Stored data:
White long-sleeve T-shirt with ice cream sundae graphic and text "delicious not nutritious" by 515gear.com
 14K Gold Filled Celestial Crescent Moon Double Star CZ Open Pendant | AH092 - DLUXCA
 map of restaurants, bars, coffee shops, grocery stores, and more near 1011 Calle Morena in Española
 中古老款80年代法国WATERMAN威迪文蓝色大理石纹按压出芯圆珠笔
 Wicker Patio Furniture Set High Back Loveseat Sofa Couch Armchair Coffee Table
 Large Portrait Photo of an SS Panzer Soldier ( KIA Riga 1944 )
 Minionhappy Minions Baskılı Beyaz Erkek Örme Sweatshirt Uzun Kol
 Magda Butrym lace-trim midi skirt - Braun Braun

Work required: Nothing but the lines from the one with "Minionhappy Minions Baskılı" through the end of the data above should be repeated, each exactly as it stands.

Answer space:
 Minionhappy Minions Baskılı Beyaz Erkek Örme Sweatshirt Uzun Kol
 Magda Butrym lace-trim midi skirt - Braun Braun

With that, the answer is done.